> **What to do**
Return each line of the material below exactly. Begin at the first and end on the line with "Dying for a Date by Cindy Sample".

> **Data for the task**
= Beginning of Section =

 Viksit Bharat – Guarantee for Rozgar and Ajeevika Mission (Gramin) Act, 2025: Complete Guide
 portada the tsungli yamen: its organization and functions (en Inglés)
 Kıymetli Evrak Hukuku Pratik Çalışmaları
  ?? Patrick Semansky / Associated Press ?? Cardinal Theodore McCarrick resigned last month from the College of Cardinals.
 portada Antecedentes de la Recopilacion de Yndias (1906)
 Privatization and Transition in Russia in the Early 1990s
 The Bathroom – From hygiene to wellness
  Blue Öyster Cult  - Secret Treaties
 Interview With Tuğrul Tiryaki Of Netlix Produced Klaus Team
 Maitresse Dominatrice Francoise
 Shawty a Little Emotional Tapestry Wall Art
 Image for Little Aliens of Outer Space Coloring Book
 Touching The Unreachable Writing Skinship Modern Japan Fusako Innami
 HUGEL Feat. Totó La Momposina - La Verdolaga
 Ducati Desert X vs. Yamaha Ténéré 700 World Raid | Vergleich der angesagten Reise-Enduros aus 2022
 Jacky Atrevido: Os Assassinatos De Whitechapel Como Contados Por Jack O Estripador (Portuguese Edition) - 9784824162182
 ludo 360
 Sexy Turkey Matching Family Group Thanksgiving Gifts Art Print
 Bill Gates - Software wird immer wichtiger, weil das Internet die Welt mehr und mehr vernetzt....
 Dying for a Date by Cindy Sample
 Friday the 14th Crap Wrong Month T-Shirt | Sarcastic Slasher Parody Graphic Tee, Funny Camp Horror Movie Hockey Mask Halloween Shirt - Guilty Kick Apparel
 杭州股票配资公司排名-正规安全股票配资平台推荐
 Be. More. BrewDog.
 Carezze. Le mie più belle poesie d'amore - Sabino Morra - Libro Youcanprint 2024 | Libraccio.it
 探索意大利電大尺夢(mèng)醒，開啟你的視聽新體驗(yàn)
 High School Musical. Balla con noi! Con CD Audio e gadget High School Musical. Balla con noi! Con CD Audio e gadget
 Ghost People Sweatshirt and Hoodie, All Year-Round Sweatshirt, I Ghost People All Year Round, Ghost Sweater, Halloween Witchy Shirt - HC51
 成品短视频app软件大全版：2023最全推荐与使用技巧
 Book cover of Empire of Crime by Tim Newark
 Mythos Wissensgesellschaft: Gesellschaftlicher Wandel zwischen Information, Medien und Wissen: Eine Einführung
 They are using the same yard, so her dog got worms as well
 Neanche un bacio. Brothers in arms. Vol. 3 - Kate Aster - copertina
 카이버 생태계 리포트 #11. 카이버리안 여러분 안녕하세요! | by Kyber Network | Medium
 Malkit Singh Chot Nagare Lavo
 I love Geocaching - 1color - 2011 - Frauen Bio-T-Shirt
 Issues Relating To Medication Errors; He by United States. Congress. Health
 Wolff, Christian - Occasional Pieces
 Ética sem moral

= End of Section =

> **Response**
 Viksit Bharat – Guarantee for Rozgar and Ajeevika Mission (Gramin) Act, 2025: Complete Guide
 portada the tsungli yamen: its organization and functions (en Inglés)
 Kıymetli Evrak Hukuku Pratik Çalışmaları
  ?? Patrick Semansky / Associated Press ?? Cardinal Theodore McCarrick resigned last month from the College of Cardinals.
 portada Antecedentes de la Recopilacion de Yndias (1906)
 Privatization and Transition in Russia in the Early 1990s
 The Bathroom – From hygiene to wellness
  Blue Öyster Cult  - Secret Treaties
 Interview With Tuğrul Tiryaki Of Netlix Produced Klaus Team
 Maitresse Dominatrice Francoise
 Shawty a Little Emotional Tapestry Wall Art
 Image for Little Aliens of Outer Space Coloring Book
 Touching The Unreachable Writing Skinship Modern Japan Fusako Innami
 HUGEL Feat. Totó La Momposina - La Verdolaga
 Ducati Desert X vs. Yamaha Ténéré 700 World Raid | Vergleich der angesagten Reise-Enduros aus 2022
 Jacky Atrevido: Os Assassinatos De Whitechapel Como Contados Por Jack O Estripador (Portuguese Edition) - 9784824162182
 ludo 360
 Sexy Turkey Matching Family Group Thanksgiving Gifts Art Print
 Bill Gates - Software wird immer wichtiger, weil das Internet die Welt mehr und mehr vernetzt....
 Dying for a Date by Cindy Sample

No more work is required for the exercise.